A research overview for mining source code repository based on a few seminal papers in the area.
It appears that there had been quite a bit of research in the area in the past decade, M.S.R(mining software repositories) has been the biggest workshop at ICSE and now a separate conference co-located with ICSE for 10 years. There has been some papers from PLDI that leverages code mining to solve certain problems.
There was a good overview paper on mining software repositories
“The Road Ahead for Mining Software Repositories”
and Tao Xie from UIUC actually maintained a bibliography of all the notable works in the field of software mining
A brief summary, it seems that
(1) There are three types of repositories that people mine for information on softwares, Historical repositories(svn logs.etc), Run-time repositories(deployment logs) and Code repositories(github, source forge, google code)
(2) Existing researches using the repository
- Reusing Code and assisting programming
- locate uses of code such as library APIs, and attempt to match these uses to the needs of a developer (this is the closest to what we discussed). There are a large number of publications in this area.
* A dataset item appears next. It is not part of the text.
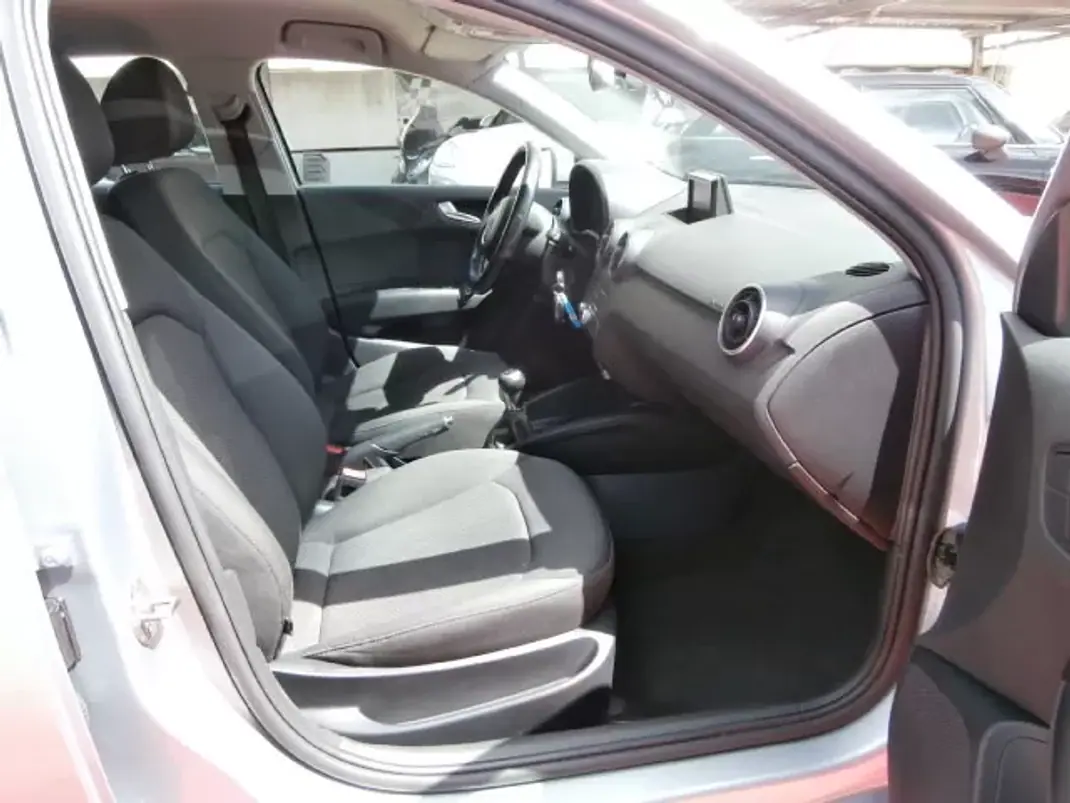 Audi A1 2016 - 12500 EUR, 191278 km - AUTO.MOTO.pt - 191278km - foto 26 de 31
- Jungloid Mining: Helping to Navigate the API Jungle, a well cited PLDI paper that uses repositories to infer type downcasts information that usually is not available statically. (I have a summary for this paper)
- A list of notable past works on assisting programminghttps://sites.google.com/site/asergrp/dmse/setasks#programming
- Understanding Software Systems.
- Use history logs to understand rationale for certain unexpected designs in the code.
- Propagating Changes
- changes to interface (Kathyrin’s PLDI paper on systematic changes)
- automate change propagation can help avoid bugs
- code that change frequently together in the past are likely to change frequently in the future (historical repositories)
- Predicting and Identifying Bugs
- best bug predicators are prior bugs and prior changes, i.e., chose that has bugs in the past is likely to have bugs in the future
- A list of works on static defect detection (bug detection) https://sites.google.com/site/asergrp/dmse/setasks#staticdefect
- Understanding Team Dynamics
- Monitor and predict the productivity of a software engineering team through mails and IRC chats
- Improving the User Experience
- prevent users perform actions that are reported to be “buggy” by other users
Some of these work uses code similarity, but a lot of them don’t rely on code similarity measures. There is a good combination of data mining and programming language techniques.